Determining how well our solution is performing over time.
Before we start building our solution, we need to make sure we have methods to evaluate it. We'll use our objective here to determine the evaluation criteria. - be clear about what metrics you are prioritizing - be careful not to over optimize on any one metric
Evaluation doesn't just involve measuring how well we're doing but we also need to think about what happens when our solution is incorrect. - what are the fallbacks? - what feedback are we collecting?
For our task, we want to be able to suggest highly relevant tags (precision) so we don't fatigue the user with noise. But recall that the whole point of this task is to suggest tags that the author will miss (recall) so we can allow our users to find the best resource! So we'll need to tradeoff between precision and recall.
|\(TP\)||# of samples truly predicted to be positive and were positive|
|\(TN\)||# of samples truly predicted to be negative and were negative|
|\(FP\)||# of samples falsely predicted to be positive but were negative|
|\(FN\)||# of samples falsely predicted to be negative but were positive|
Normally, the goto option would be the F1 score (weighted precision and recall) but we shouldn't be afraid to craft our own evaluation metrics that best represents our needs. For example, we may want to account for both precision and recall but give more weight to recall.

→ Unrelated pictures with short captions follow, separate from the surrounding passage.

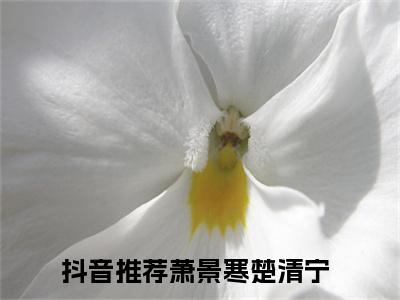 萧景寒楚清宁（重生后，我将自家驸马抵在榻前）全文免费阅读无弹窗大结局_（萧景寒楚清宁）免费阅读无弹窗最新章节列表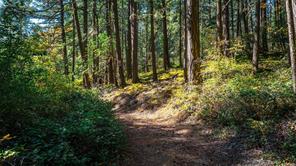 1870 Millstream Rd — listing photo 21 of 47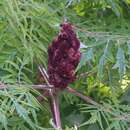 Rhus typhina 'Dissecta' - Essigbaum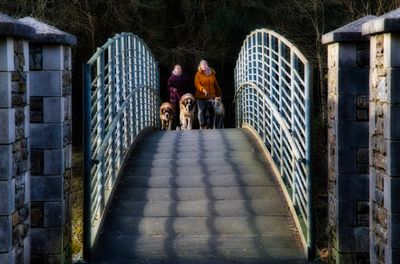 St Bernard's bridge.
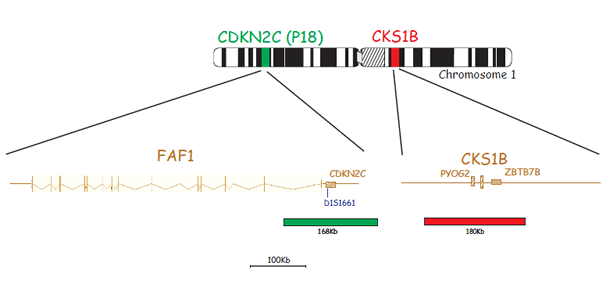 CKS1B/CDKN2C (P18) Amplification/Deletion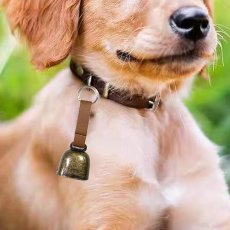 画像1: 犬用鈴 (1)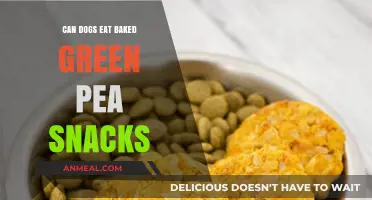 Can Dogs Enjoy Baked Green Pea Snacks? A Nutritional Guide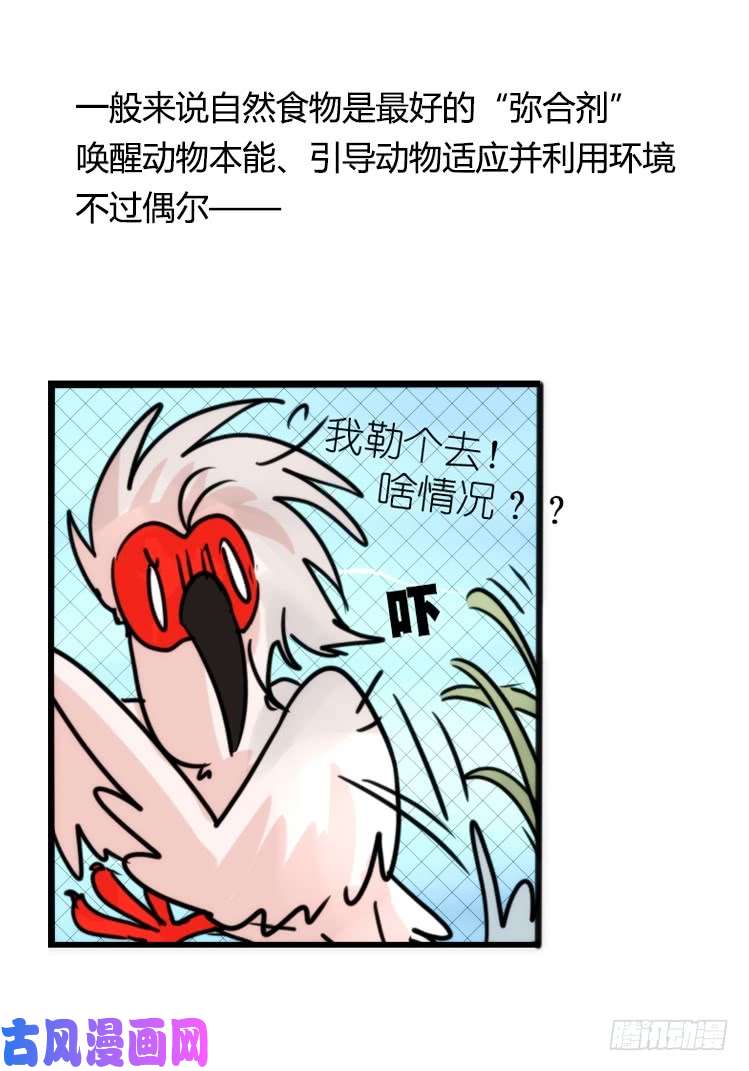 进化之基使命篇21：重振绯羽③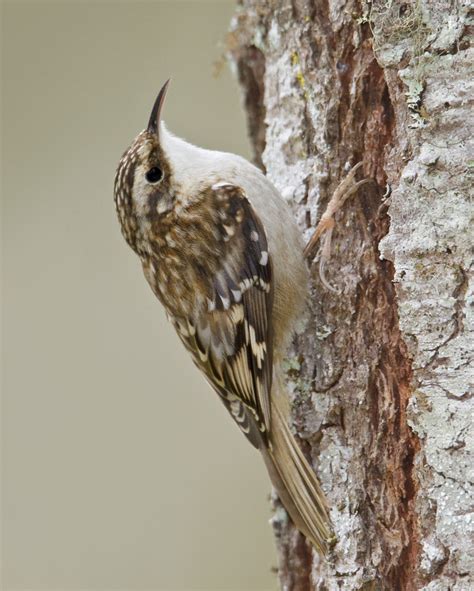 Brown Creeper Wild South
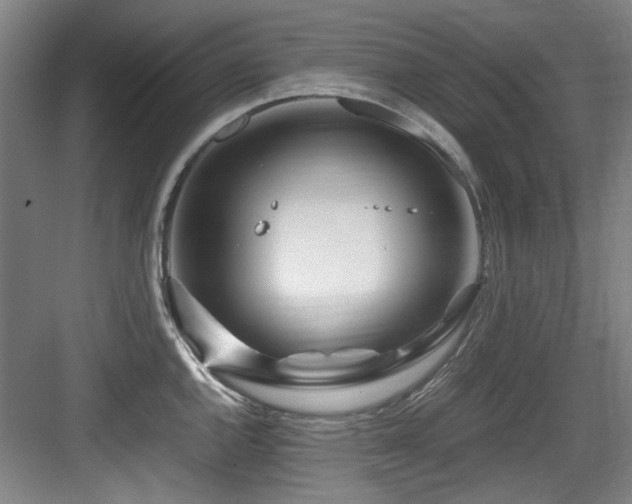 X0000084031144200702161428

Fortunately, when we make a mistake, it's not catastrophic. The author will simply ignore it but we'll capture the error based on the tags that the author does add. We'll use this feedback (in addition to an annotation workflow) to improve on our solution over time.
If we want to be very deliberate, we can provide the authors an option to report erroneous tags. Not everyone may act on this but it could reveal underlying issues we may not be aware of.